An Interesting Comment

rogersgeorge on May 21st, 2016

I hardly ever get comments to this blog, but I posted a link to one of my posts on Google+ the other day, and a friend made a comment that’s not only worth repeating, but it deserves a post! Go follow the link if you want to see the cause for the comment. Here’s his comment:

I think I get it right most of the time…but still have a hard time saying, “Whom do you think you are!?”….the other thing you taught me and I keep forgetting is where the quote marks go in a sentence…not sure I got it right above…

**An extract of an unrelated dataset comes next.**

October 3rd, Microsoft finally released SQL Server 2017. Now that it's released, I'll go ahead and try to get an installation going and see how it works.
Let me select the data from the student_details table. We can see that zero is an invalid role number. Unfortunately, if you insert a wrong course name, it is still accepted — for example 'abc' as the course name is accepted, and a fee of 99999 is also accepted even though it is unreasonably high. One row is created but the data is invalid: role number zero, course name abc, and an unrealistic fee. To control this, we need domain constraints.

Lorin Walker (a former boss, by the way, and still a friend) says he has trouble saying “whom do you think you are?” Well, he should have trouble saying that, but not for the reason he thinks! We usually put the subject first in English, and the nominative (subject) form of the word is indeed “who.” So we’re used to putting “who” at the beginning of a sentence.

With questions, however, the subject generally doesn’t come first, the object does, and that’s where “whom” comes in. So you generally start a question with “whom.” Except for one thing: the type of verb.

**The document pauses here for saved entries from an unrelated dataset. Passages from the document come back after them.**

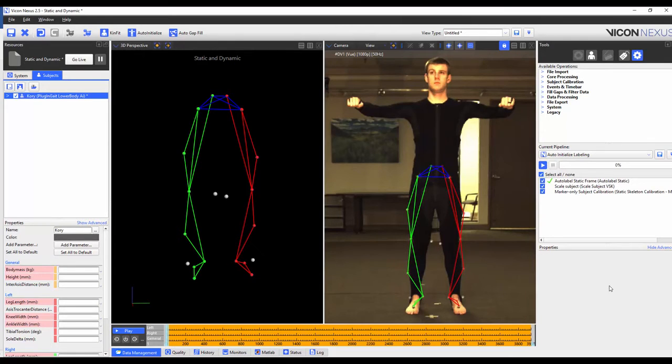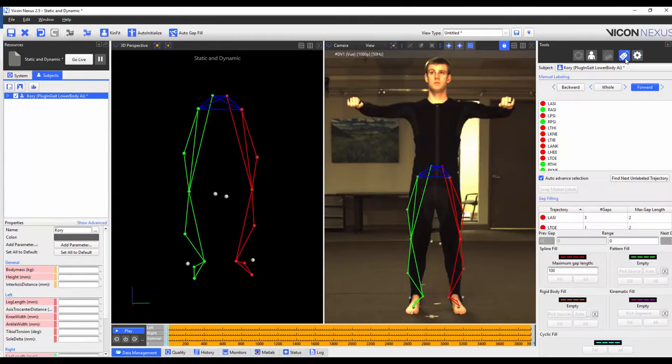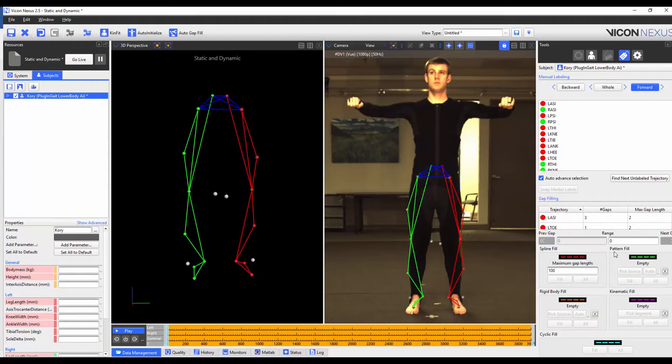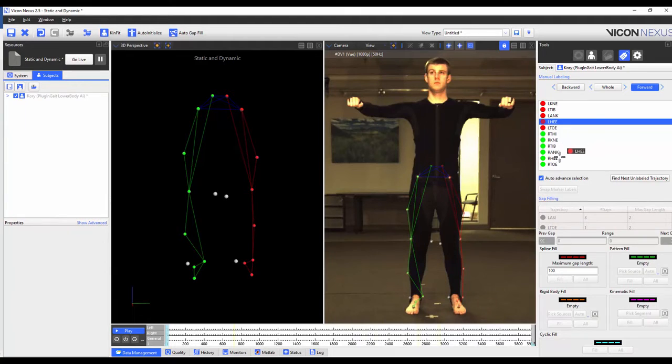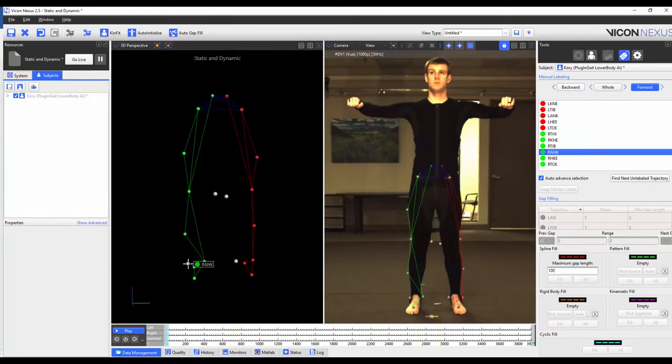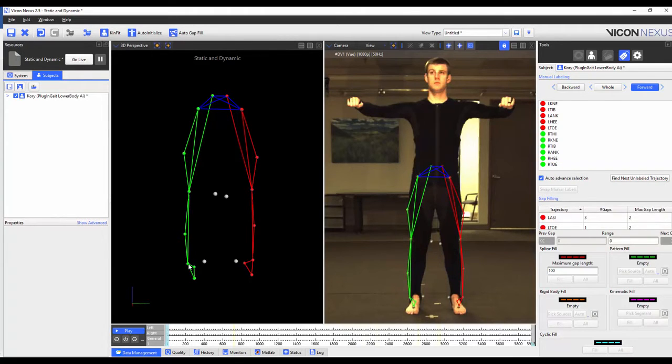I can already tell that my ankle markers have not been labeled correctly. To fix this I'm going to navigate to the tools pane label editor list and label the ankle markers correctly. Alternatively you can manually label the first frame.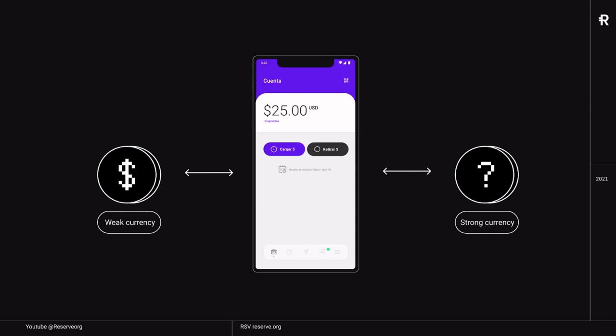And that is the reason why we developed the R-Token platform. The R-Token platform is basically a way to find this strong currency, and I'm going to explain what that means.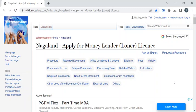Hi, welcome to Wiki Procedure Info YouTube channel. In this video we'll see how to apply for a money lender or loaner license in Nagaland. For more procedure videos, please subscribe to our channel.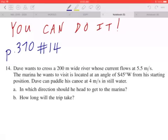Hi everyone, let's take a look at number 14 on page 370. Dave wants to cross a 200 meter wide river whose current flows at 5.5 meters per second. The marina he wants to visit is located at an angle of south 45 degrees west from his starting position. Dave can paddle his canoe at 4 meters per second in still water.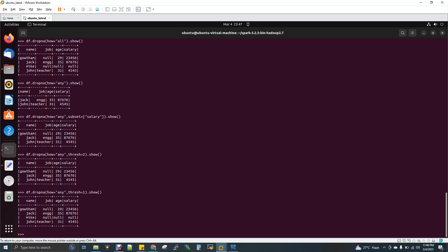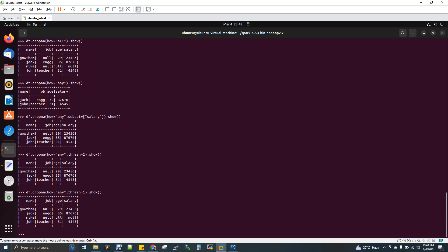So this is actually one of the interview questions. Using drop, you can do all of this. There are different ways to get rid of null values, and this is one way you should know. Thanks for watching.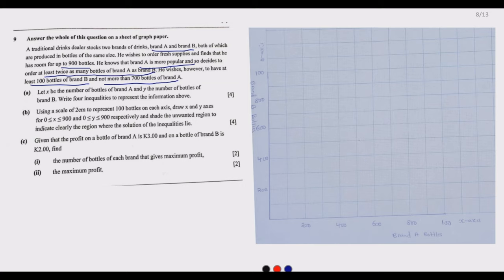Question A: let x be the number of bottles of blend A and y the number of bottles of blend B. Write four inequalities representing the information above. So we know that x is for blend A and y is for blend B, and we can summarize this information.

Remember predicate nominatives? They look like direct objects, except they go with linking verbs (mainly some form of “to be” but also other verbs that are equivalent to an equals sign, such as seem and appear.) So in Lorin’s example sentence, the first word goes with (is the predicate nominative of) the last word, “are”! He could say “Who do you thing you are?” with impunity, and be so correct that he’d fool a lot of amateur grammar nazis.

PS: I just now saw a headline, in the Los Angeles Times, no less:

Who does your member of Congress support for president?
A sure sign that “who” is going to be considered always correct at the beginning of a sentence. Too bad, because sometimes (such as in this headline) it’s not. You can figure out why, can’t you?
PPS: Lorin got his quote marks in the right place. End punctuation goes inside if it’s part of the quote, and outside if it’s not. Except in American English, where commas and periods always go inside.